WHAT IS EXPECTED => Without the pictures, write the listing out again exactly as it appears.

GIVEN MATERIAL =>
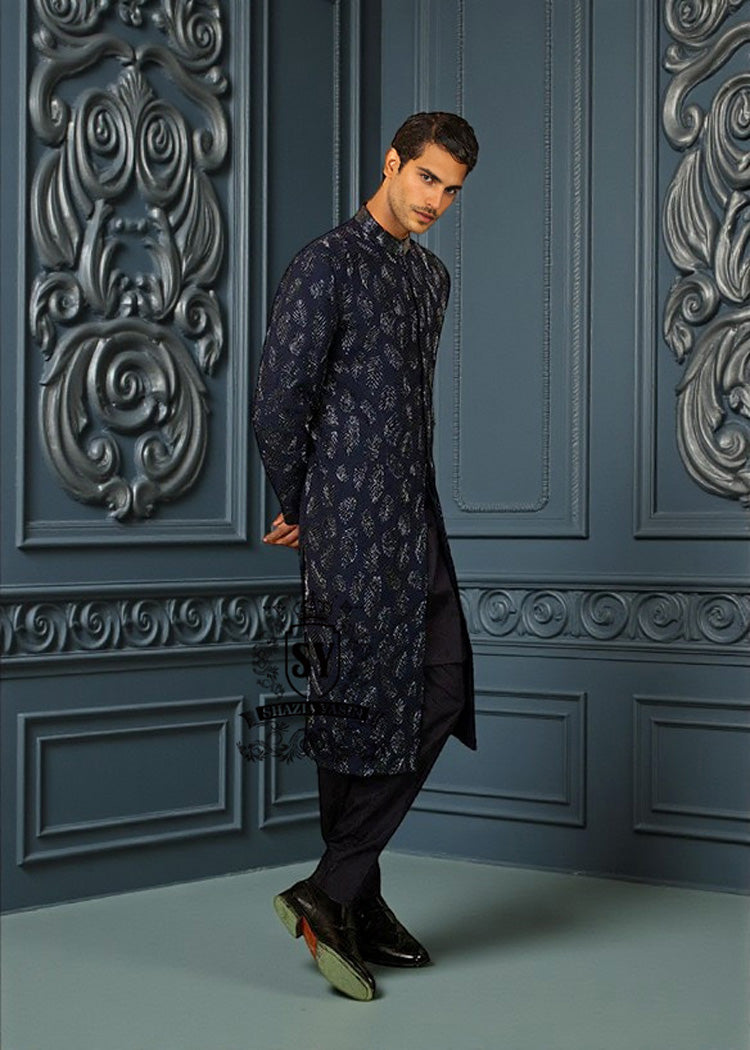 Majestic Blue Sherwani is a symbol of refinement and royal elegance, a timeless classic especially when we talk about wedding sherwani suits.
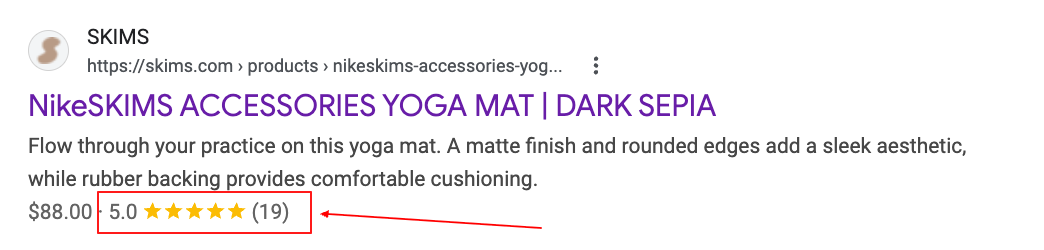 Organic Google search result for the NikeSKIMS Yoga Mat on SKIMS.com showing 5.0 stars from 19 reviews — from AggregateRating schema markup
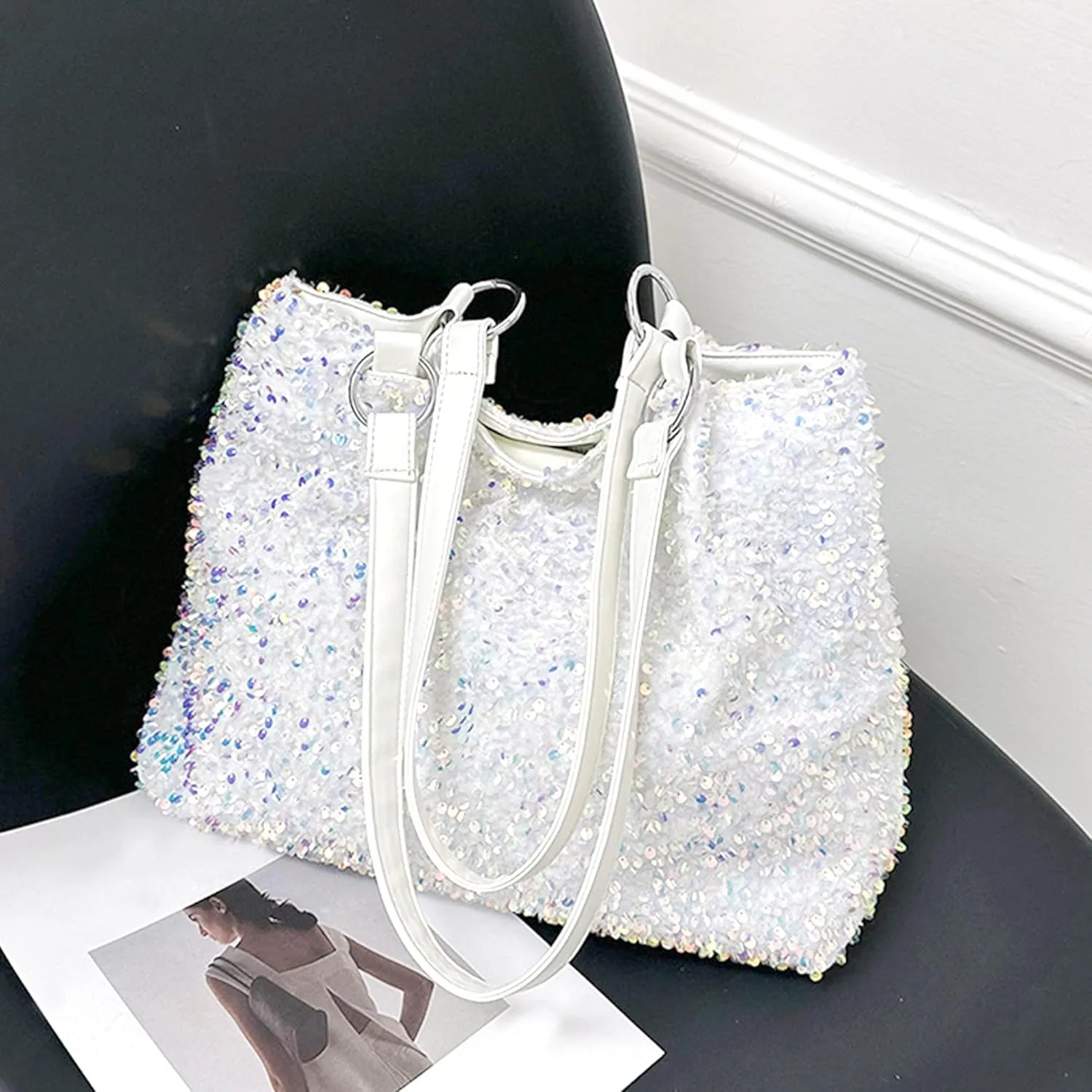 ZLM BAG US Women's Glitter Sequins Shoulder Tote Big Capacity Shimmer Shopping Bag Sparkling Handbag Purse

EXPECTED ANSWER =>
 Majestic Blue Sherwani is a symbol of refinement and royal elegance, a timeless classic especially when we talk about wedding sherwani suits.
 Organic Google search result for the NikeSKIMS Yoga Mat on SKIMS.com showing 5.0 stars from 19 reviews — from AggregateRating schema markup
 ZLM BAG US Women's Glitter Sequins Shoulder Tote Big Capacity Shimmer Shopping Bag Sparkling Handbag Purse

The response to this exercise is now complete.